Well this past week has seen the Government in a spin with more U-turns than by the drivers at the sodden Canadian Grand Prix. One does rather get the feeling that the Coalition, or more specifically the Tories within the Coalition, have decided on quantity over quality when it comes to some policy. There are rumours that they have taken onboard Tony Blair's regret (from his self-aggrandising autobiography) that he did not set about the big legislation early enough in his terms. This in itself is quite a worry seeing as he went at about a law a day throughout his time in office. One imagines it was probably the only thing he could imagine he did wrong during his tenure too.
Whilst the quick action the Tories have made in some areas has been laudable (e.g. their swift work on deficit reduction appeased money markets keeping our astronomic borrowing from sinking us with interest rises), one wonders whether everything was fully thought through. They run the risk of losing public support to change intrinsic and systemic flaws in education, welfare and the NHS by going too quickly into policy making. It is possible as some individual reform policies begin to look unpopular, the fickle public might withdraw its backing for any type of (desperately needed) reform; throwing out the baby with the proverbial.
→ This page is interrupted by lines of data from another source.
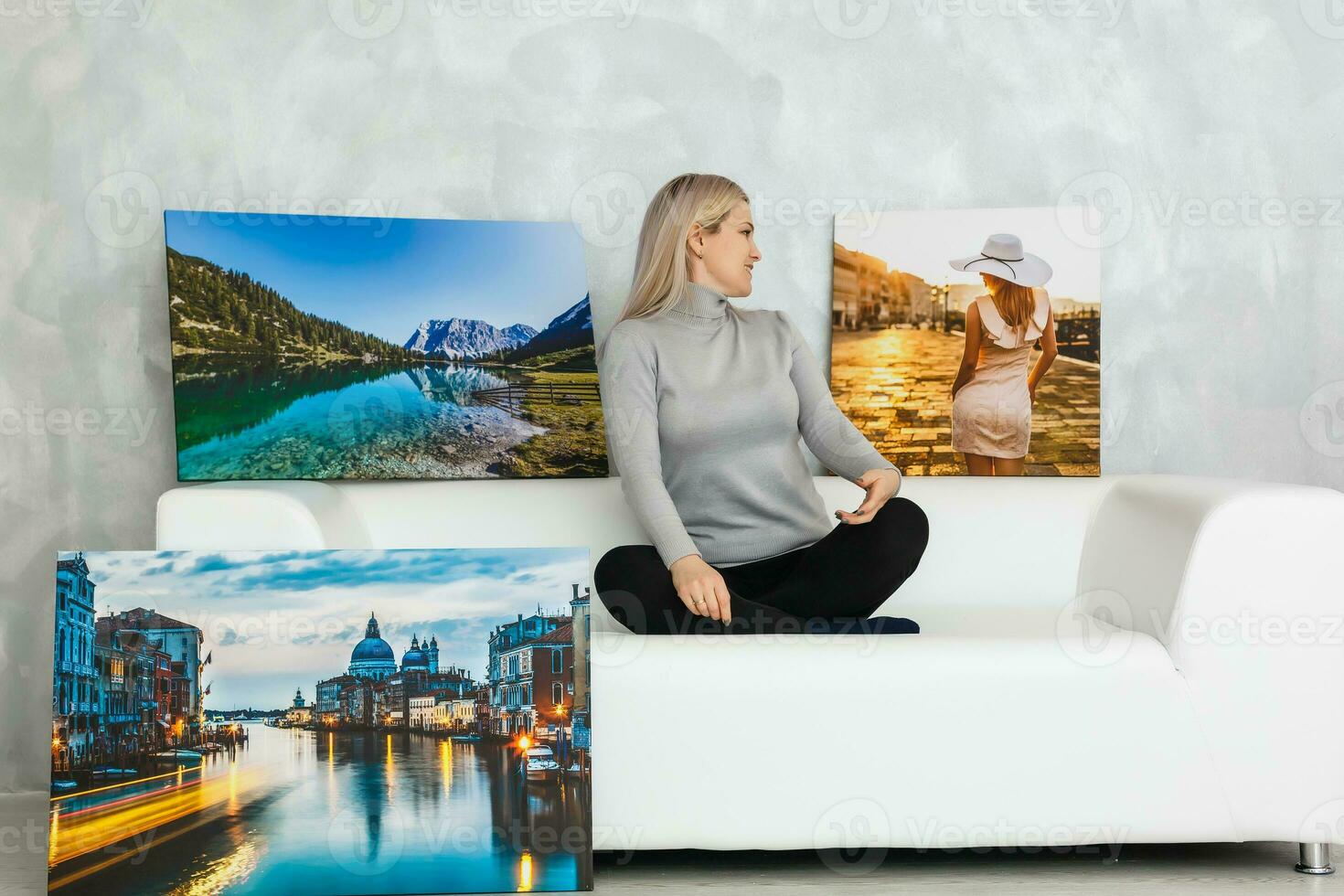 Young girl holds photo canvas at home on the couch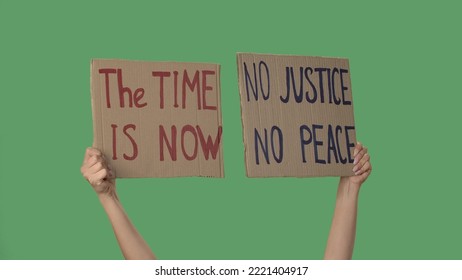 NO JUSTICE NO PEACE and THE TIME IS NOW. Protests text messages on sign cardboard. Stop racism. Police violence. Banner design concept. Hands of women raising up poster on green screen. - Powered by Shutterstock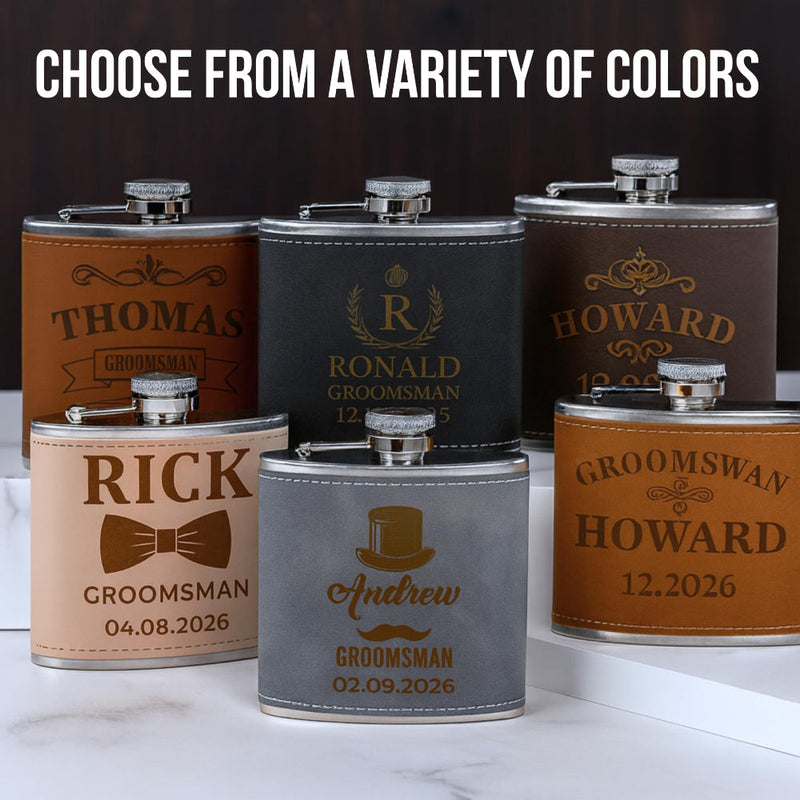 Set of personalized flasks with various designs and text on a marble surface.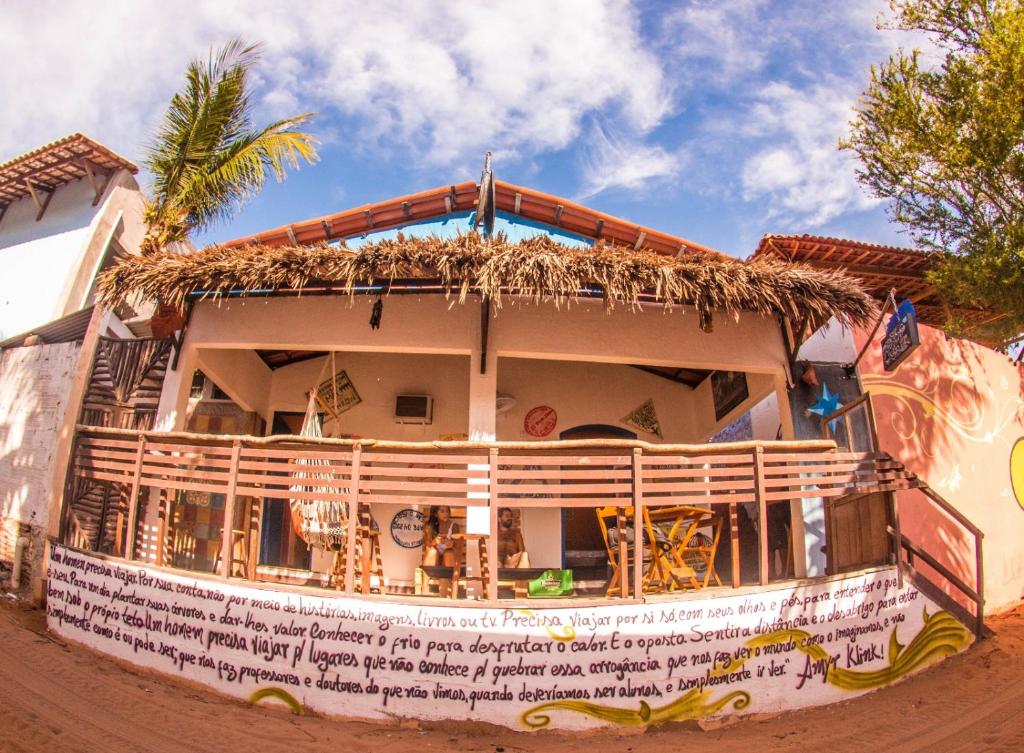 un bâtiment avec un toit de paille et un palmier dans l'établissement Trip Bar Hostel, à Jericoacoara
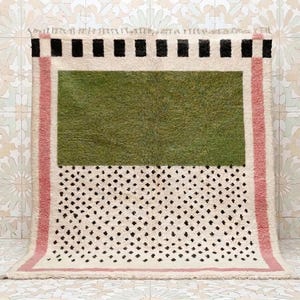 Puede incluir: Una alfombra rectangular con una base de color crema y un gran rectángulo verde oliva sólido en el centro. La alfombra está enmarcada por bordes verticales rosas y una banda horizontal superior con cuadrados alternos en negro y crema.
One area they should not be contemplating a U-turn, however, is the benefits cap. Not only should they not be 'bending to Lib Dem pressure' (is there such a thing?) because the Lib Dems have less leverage than ever (which I wrote about here), but they should stay the course because this is not only morally and economically a sound policy, but a vote winner. It is a small percentage of the population who will lose much from this, but some of them will lose a lot. These are more than likely not a demographic who are planning on voting Conservative, rather tending towards the Labour 'pay them to remain poor' camp. The people who would be happy to see this cap come in form a far greater part of UK society.
I genuinely believe the man in the street does not think it is right for some families to remain workless, produce children to their hearts' content, live somewhere nice and get the tab picked up by John and Jane Q. Taxpayer. I don't think the average Briton thinks it right that you can make more staying at home than at work, therefore I think making the cap at the average wage a particularly shrewd bit of political economics.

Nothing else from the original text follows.